Dataset excerpts:
┄┄┄┄┄┄┄┄┄┄┄┄┄┄┄┄┄┄┄┄

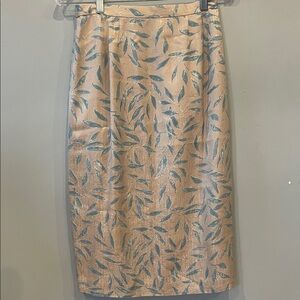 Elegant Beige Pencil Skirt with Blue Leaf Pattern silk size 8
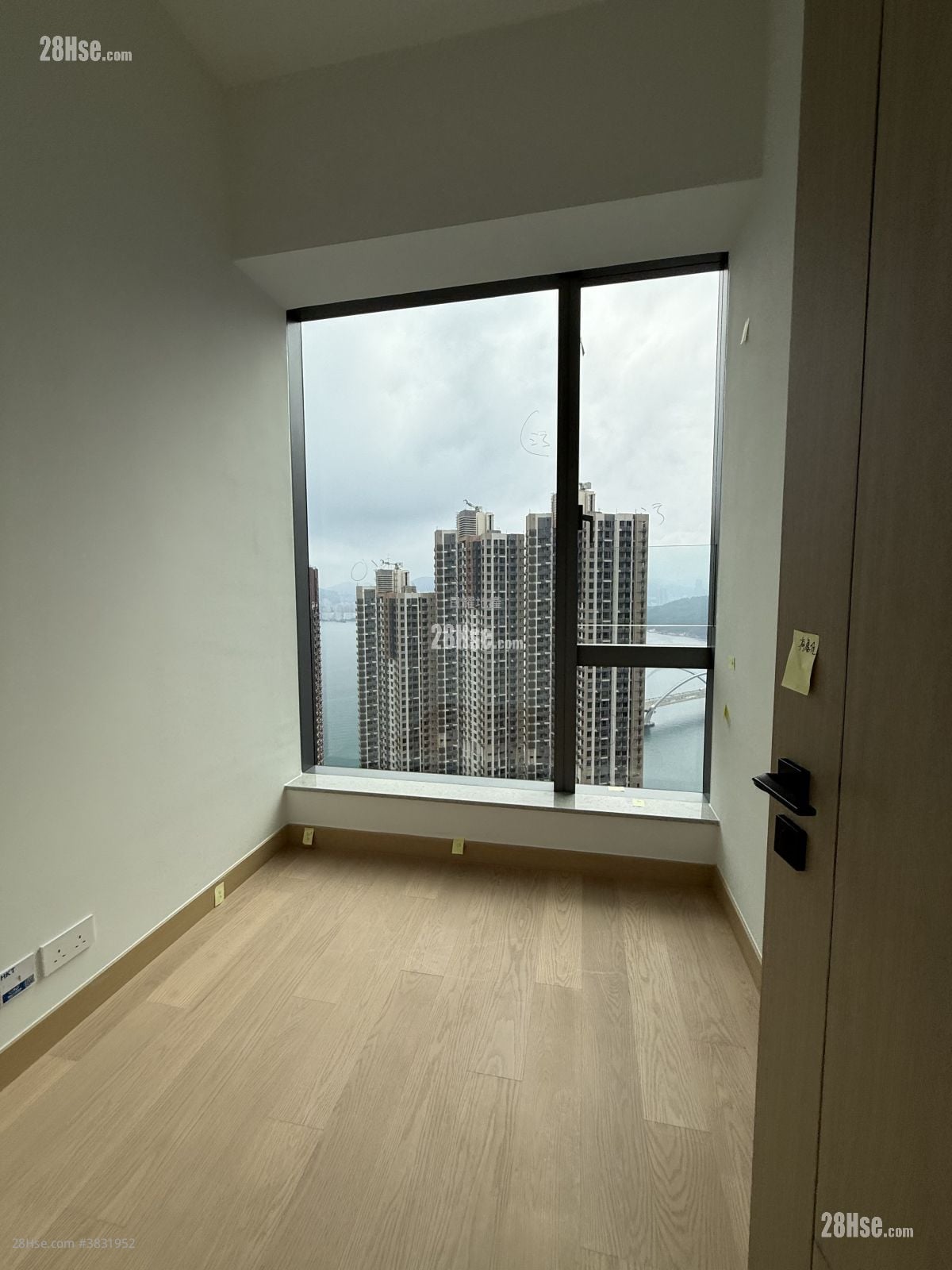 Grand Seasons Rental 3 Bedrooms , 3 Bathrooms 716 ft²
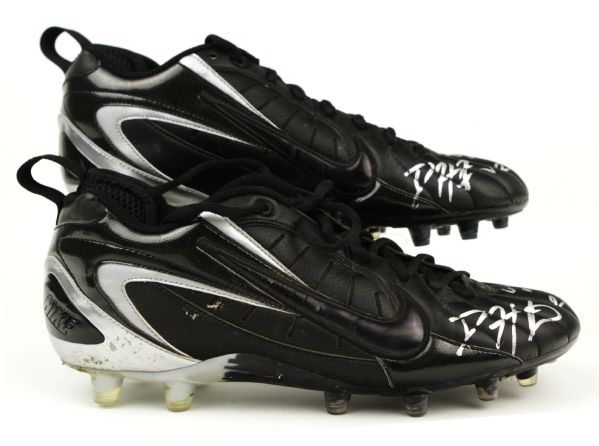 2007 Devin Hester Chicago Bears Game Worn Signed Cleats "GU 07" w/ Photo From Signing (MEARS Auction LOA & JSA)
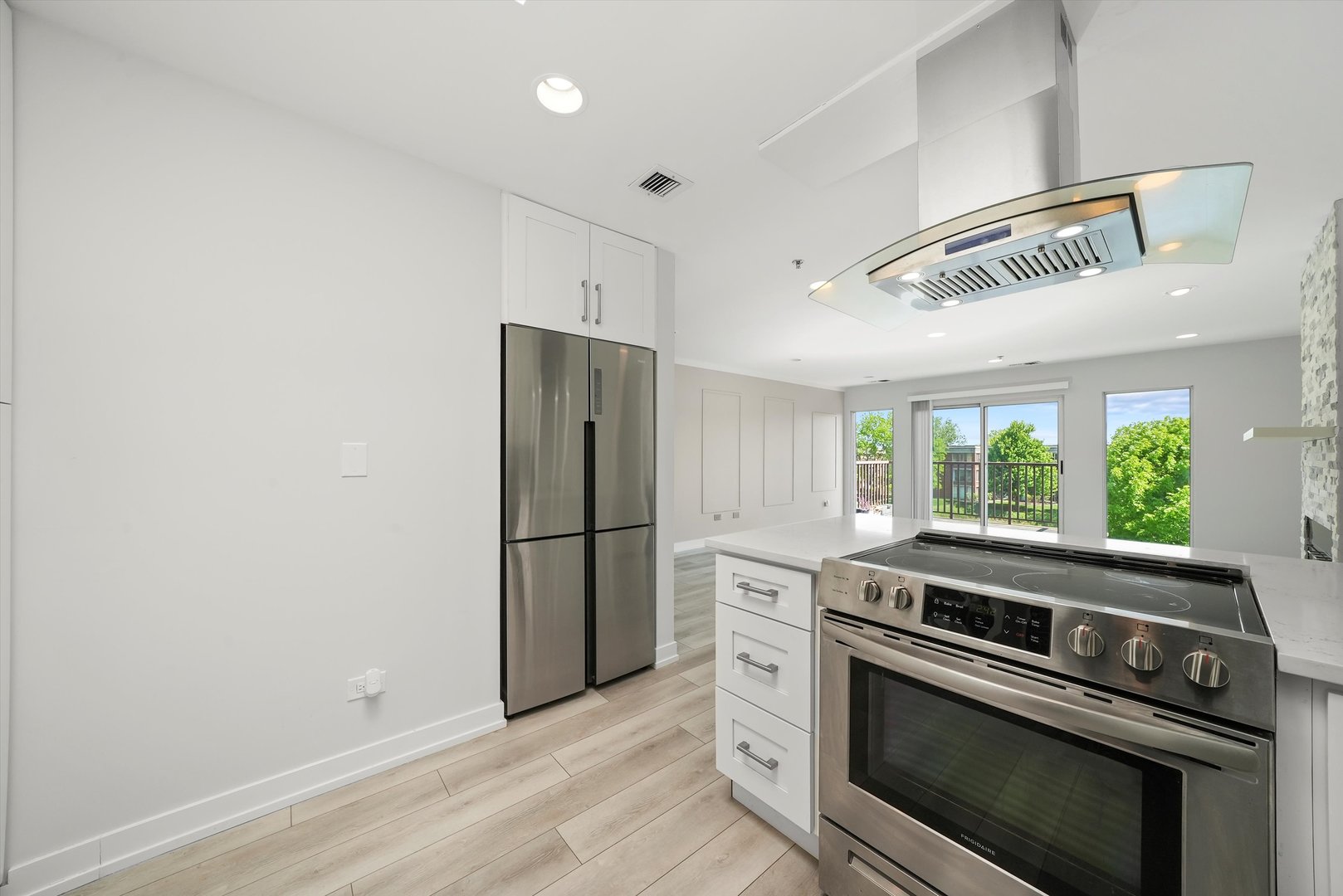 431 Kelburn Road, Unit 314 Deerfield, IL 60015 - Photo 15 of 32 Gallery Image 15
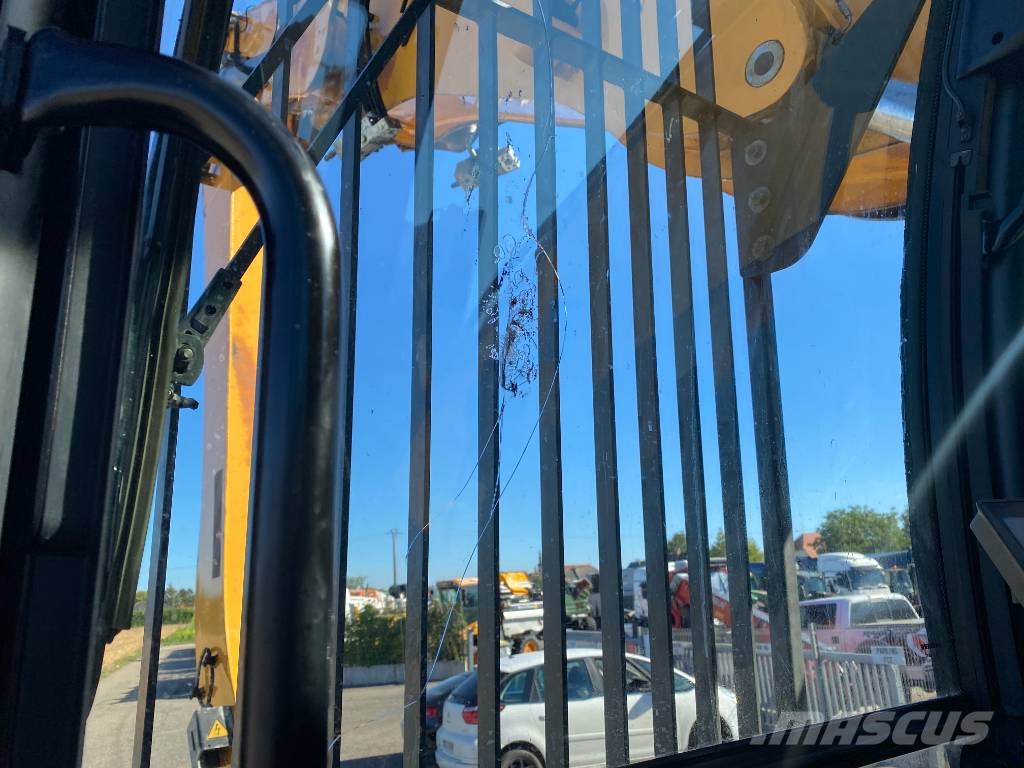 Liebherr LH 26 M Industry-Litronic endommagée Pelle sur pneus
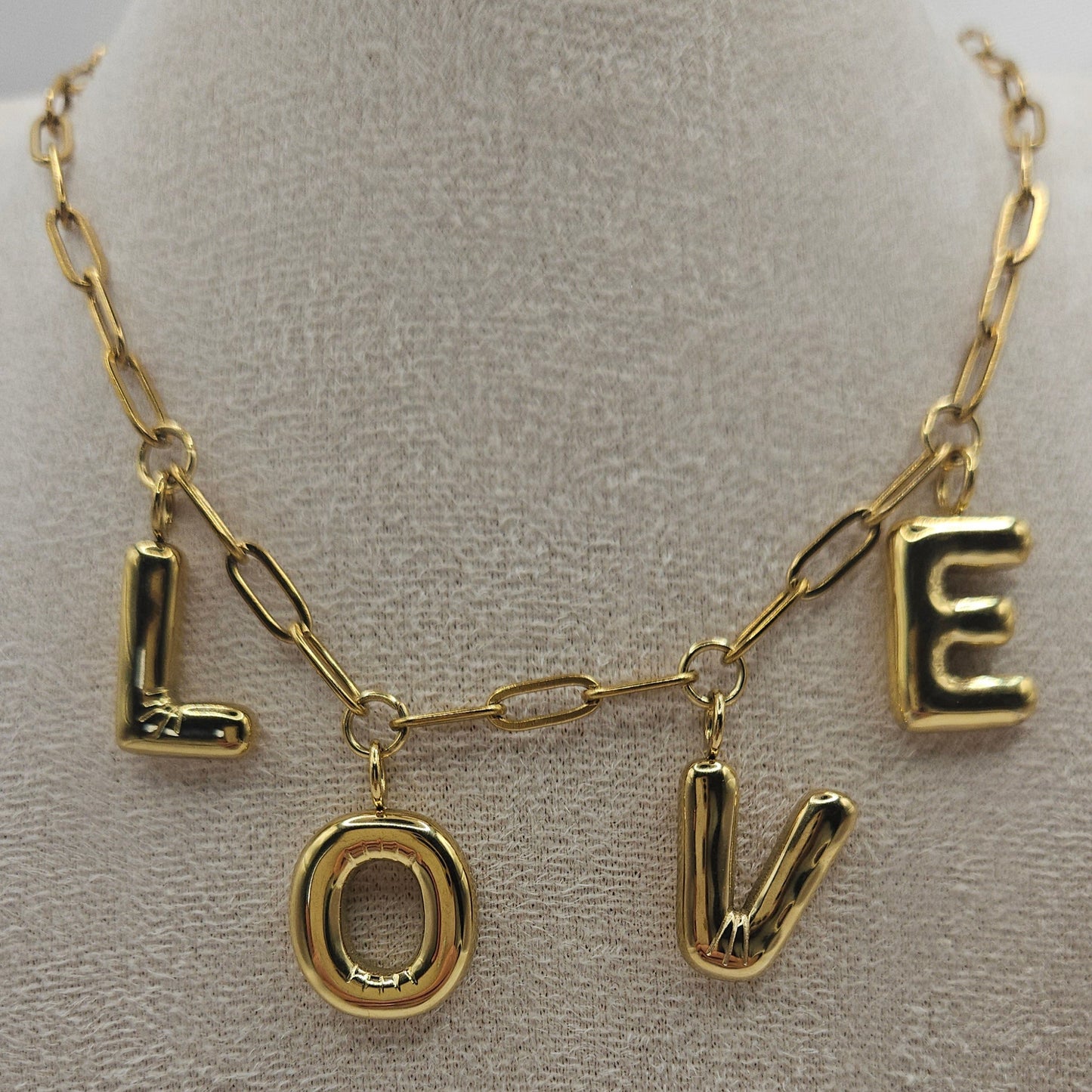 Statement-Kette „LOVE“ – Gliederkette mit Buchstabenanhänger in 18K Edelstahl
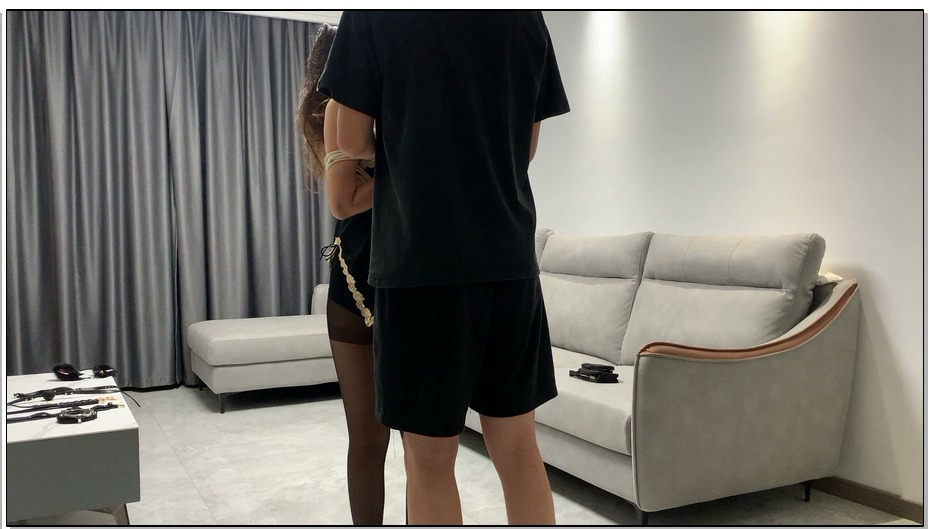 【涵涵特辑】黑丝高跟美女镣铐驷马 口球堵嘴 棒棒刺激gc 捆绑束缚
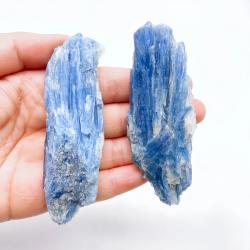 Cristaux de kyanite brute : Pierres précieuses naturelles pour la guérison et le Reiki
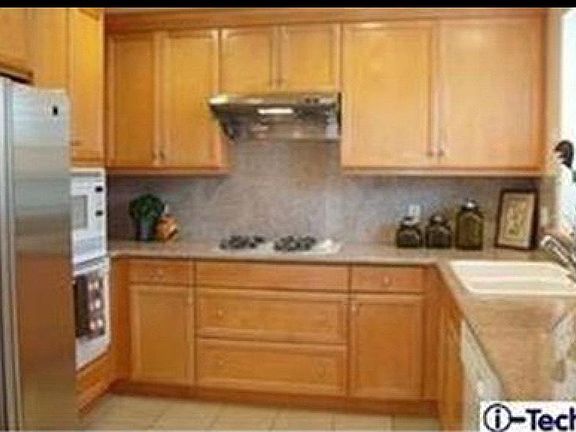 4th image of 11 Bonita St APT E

┄┄┄┄┄┄┄┄┄┄┄┄┄┄┄┄┄┄┄┄

Directions for this task: Without the pictures, give every line above again exactly.

Result of this exercise:
 Elegant Beige Pencil Skirt with Blue Leaf Pattern silk size 8
 Grand Seasons Rental 3 Bedrooms , 3 Bathrooms 716 ft²
 2007 Devin Hester Chicago Bears Game Worn Signed Cleats "GU 07" w/ Photo From Signing (MEARS Auction LOA & JSA)
 431 Kelburn Road, Unit 314 Deerfield, IL 60015 - Photo 15 of 32 Gallery Image 15
 Liebherr LH 26 M Industry-Litronic endommagée Pelle sur pneus
 Statement-Kette „LOVE“ – Gliederkette mit Buchstabenanhänger in 18K Edelstahl
 【涵涵特辑】黑丝高跟美女镣铐驷马 口球堵嘴 棒棒刺激gc 捆绑束缚
 Cristaux de kyanite brute : Pierres précieuses naturelles pour la guérison et le Reiki
 4th image of 11 Bonita St APT E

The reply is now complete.